(Stored dataset items)
+---+

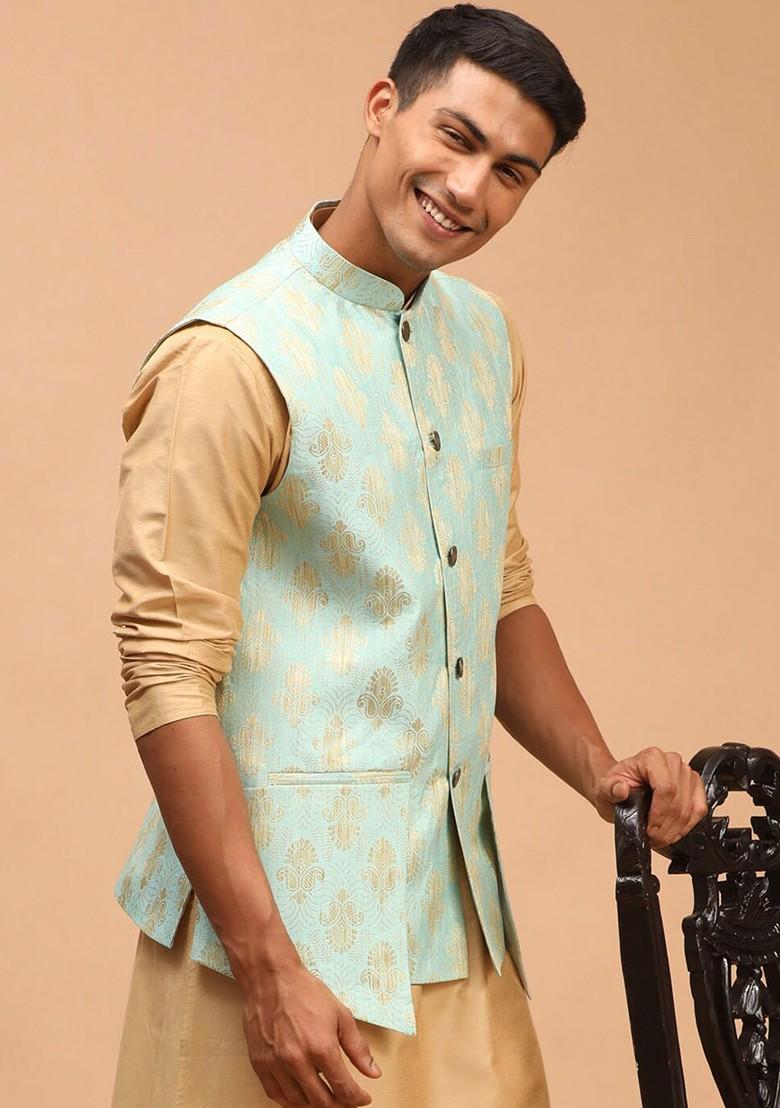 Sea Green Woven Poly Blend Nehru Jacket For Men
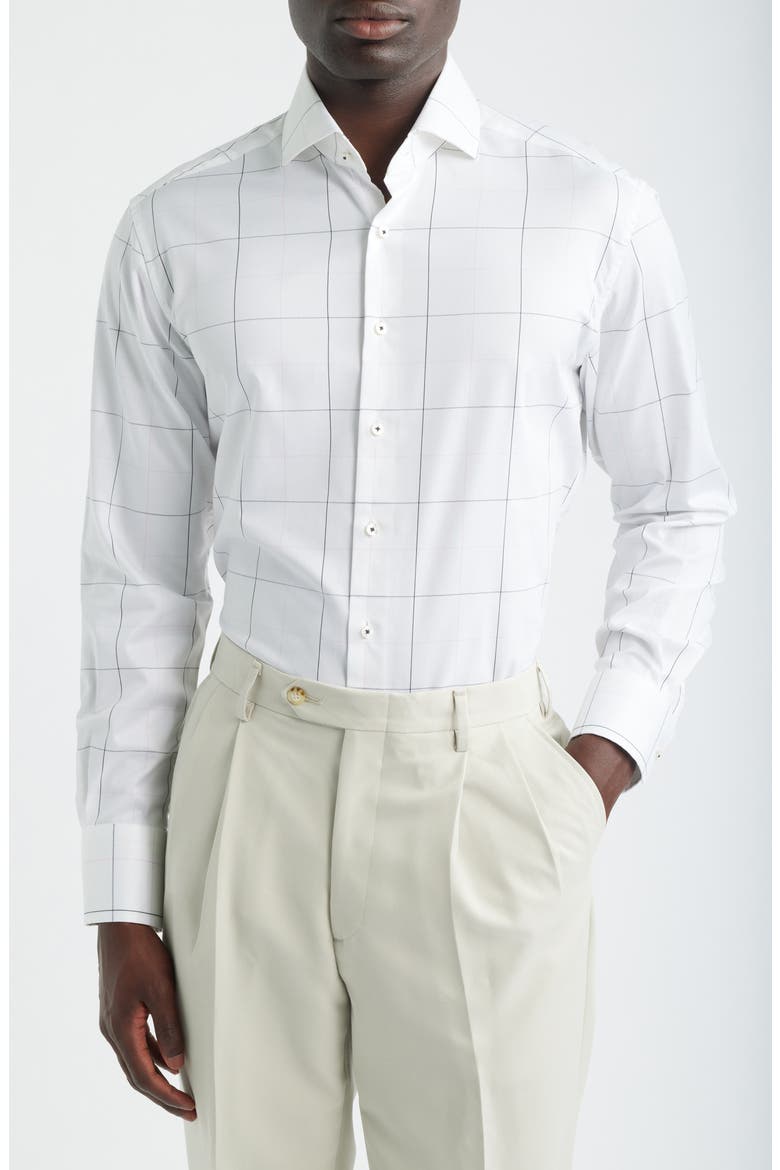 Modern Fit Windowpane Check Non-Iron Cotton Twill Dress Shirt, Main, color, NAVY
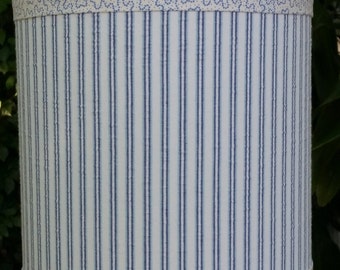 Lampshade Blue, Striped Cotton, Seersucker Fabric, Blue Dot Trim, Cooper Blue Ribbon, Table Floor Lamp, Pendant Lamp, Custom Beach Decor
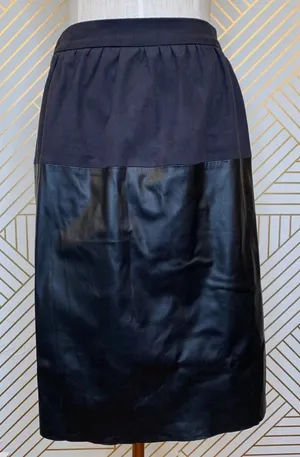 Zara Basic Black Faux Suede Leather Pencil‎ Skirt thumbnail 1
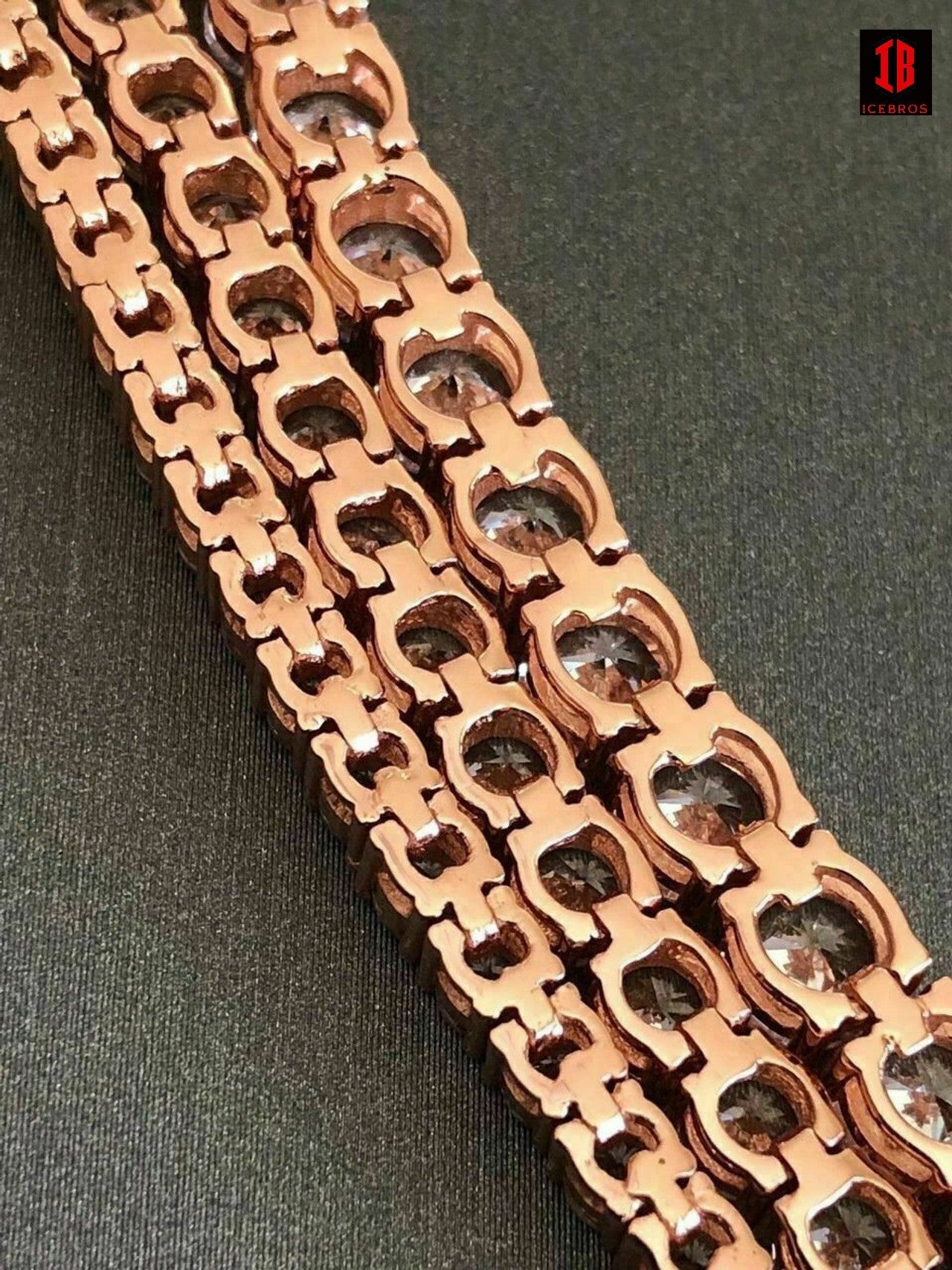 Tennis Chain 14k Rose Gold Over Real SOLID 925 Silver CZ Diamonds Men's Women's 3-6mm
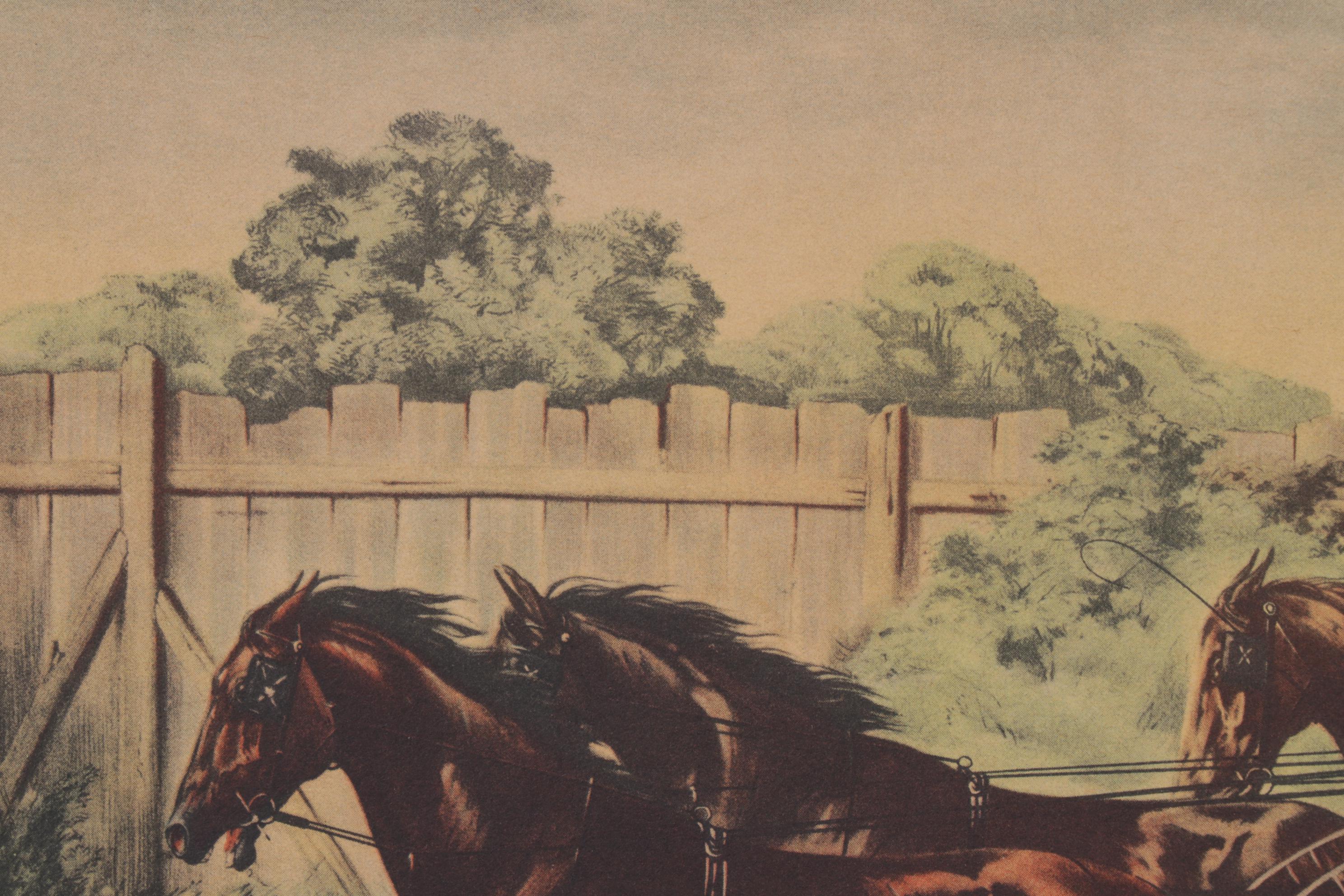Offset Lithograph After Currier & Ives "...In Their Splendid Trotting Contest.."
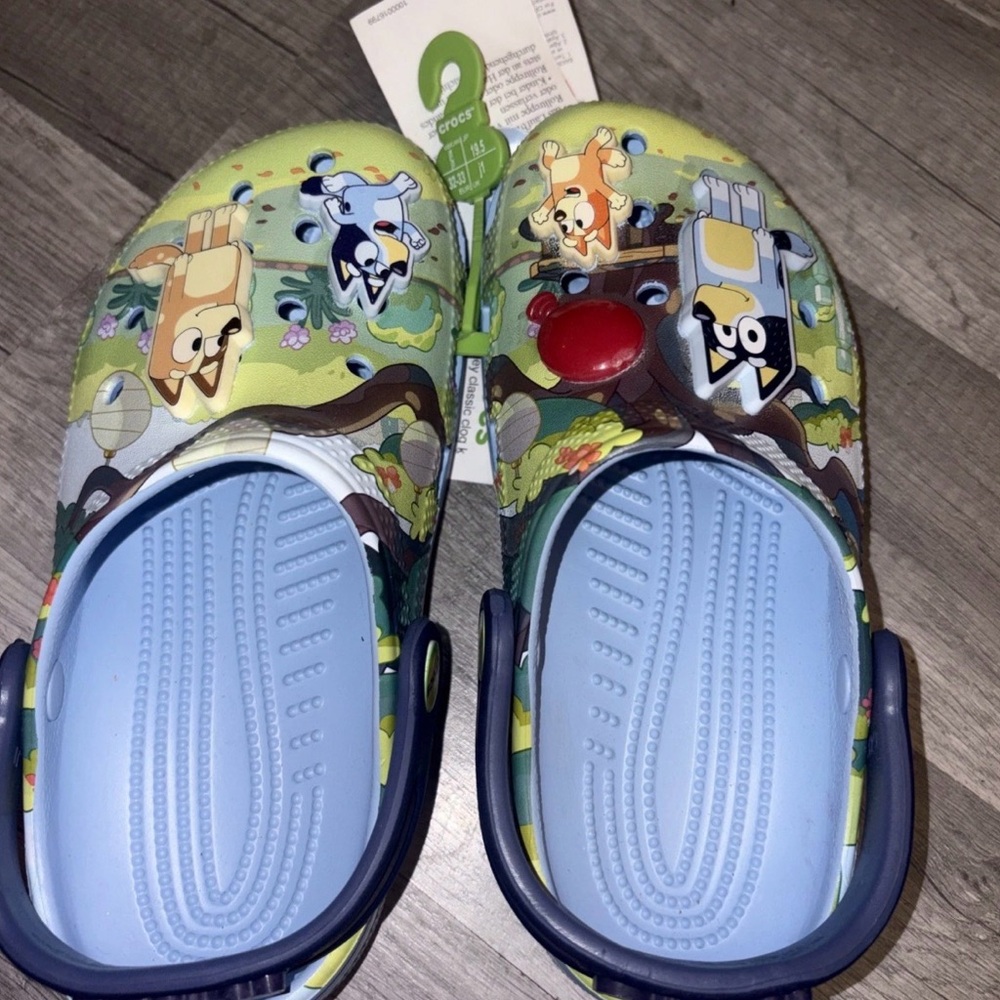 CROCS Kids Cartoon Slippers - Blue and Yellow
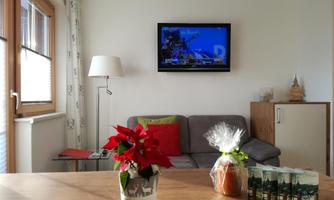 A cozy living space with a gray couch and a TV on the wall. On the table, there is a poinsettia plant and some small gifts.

+---+

▶ **PROBLEM REQUIREMENTS**: An exact copy of the entries above is needed, with the pictures removed.

▶ **OUTPUT**:
 Sea Green Woven Poly Blend Nehru Jacket For Men
 Modern Fit Windowpane Check Non-Iron Cotton Twill Dress Shirt, Main, color, NAVY
 Lampshade Blue, Striped Cotton, Seersucker Fabric, Blue Dot Trim, Cooper Blue Ribbon, Table Floor Lamp, Pendant Lamp, Custom Beach Decor
 Zara Basic Black Faux Suede Leather Pencil‎ Skirt thumbnail 1
 Tennis Chain 14k Rose Gold Over Real SOLID 925 Silver CZ Diamonds Men's Women's 3-6mm
Offset Lithograph After Currier & Ives "...In Their Splendid Trotting Contest.."
 CROCS Kids Cartoon Slippers - Blue and Yellow
 A cozy living space with a gray couch and a TV on the wall. On the table, there is a poinsettia plant and some small gifts.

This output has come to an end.